Pour le neuvième motif d’opposition, le fardeau de persuasion incombe à la requérante, qui doit établir que sa marque est adaptée à distinguer ou distingue véritablement ses marchandises de celles d’autres personnes au Canada : voir la décision Muffin Houses Incorporated v. The Muffin House Bakery Ltd. (1985), 4 C.P.R. (3d) 272 (C.O.M.C). En outre, l’époque pertinente pour apprécier les circonstances de l’espèce est la date de production de l’opposition (soit le 28 novembre 1995) : voir les arrêts Re Andres Wines Ltd. and E. & J. Gallo Winery (1975), 25 C.P.R. (2d) 126 à la page 130 (C.A.F.) et Park Avenue Furniture Corporation c. Wickes/Simmons Bedding Ltd. (1991), 37 C.P.R. (3d) 412 à la page 424 (C.A.F.).
Comme on l’a fait remarquer, l’opposante n’a établi aucun emploi ou aucune réputation de ses marques de commerce déposées PANTASTIC PIZZA, POCKET PIZZA, PIZZA SUB et PIZZA SUB Design. Aussi le neuvième motif d’opposition porte-t-il essentiellement sur la confusion entre la marque de la requérante et les trois autres marques déposées de l’opposante. À cet égard, les conclusions sur la confusion avec ces marques auxquelles j’en suis arrivé au sujet du sixième motif d’opposition s’appliquent en grande partie au présent motif également. Je conclus donc que la marque de commerce de la requérante ne créait pas de confusion avec les marques de commerce MCCAIN PIZZA POCKETS, DOLLAR CHIPS et CHIP WAGON FRIES de l’opposante à la date de production de la présente opposition.

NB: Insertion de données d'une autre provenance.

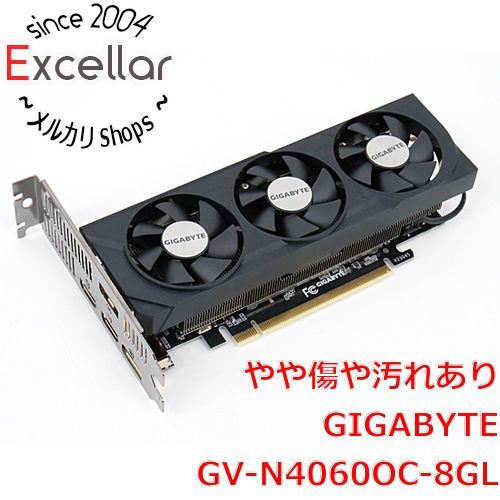 [bn:10] GIGABYTE グラボ　GV-N4060OC-8GL　PCIExp 8GB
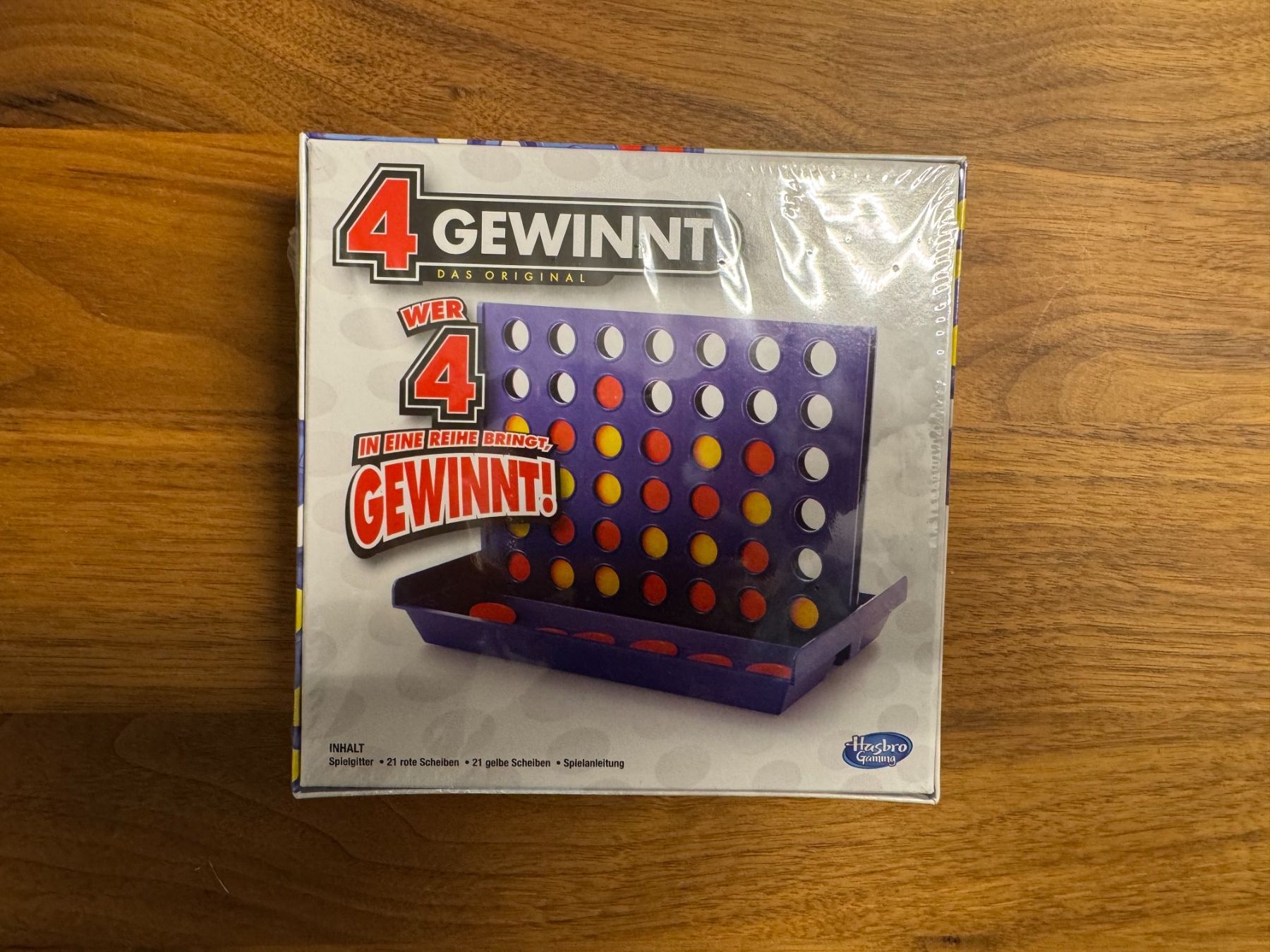 Giochi: Spiel 4 Gewinnt – Nuovo e nell'imballaggio originale da Winterthur venduto da Malve00 1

Par conséquent, l’opposante n’a pas établi que la marque de la requérante n’était pas distinctive à cette date et le neuvième motif d’opposition est rejeté.
Compte tenu des conclusions qui précèdent et en vertu des pouvoirs qui me sont délégués en vertu du paragraphe 63(3) de la Loi, je repousse la demande d’enregistrement de la requérante à l’égard des marchandises désignées comme « produits de grignotage à base de pâte de maïs, chips de maïs exclus » et « aliments de grignotage de type pizza, nommément des aliments de grignotage comportant des garnitures et des ingrédients à pizza, pommes de terre exclues » et je rejette l’opposition à tous autres égards. Au sujet du pouvoir de rendre une décision d’acceptation partielle de l’opposition, on se reportera à l’affaire Produits Ménagers Coronet Inc. c. Coronet-Werke Heinrich Schlerf GmbH (1986), 10 C.P.R. (3d) 482 à la page 492 (C.F. 1re inst.).
DATÉ À HULL (QUÉBEC) DU 5 JUIN 2001.
David J. Martin,
membre,
Commission des oppositions des marques de commerce.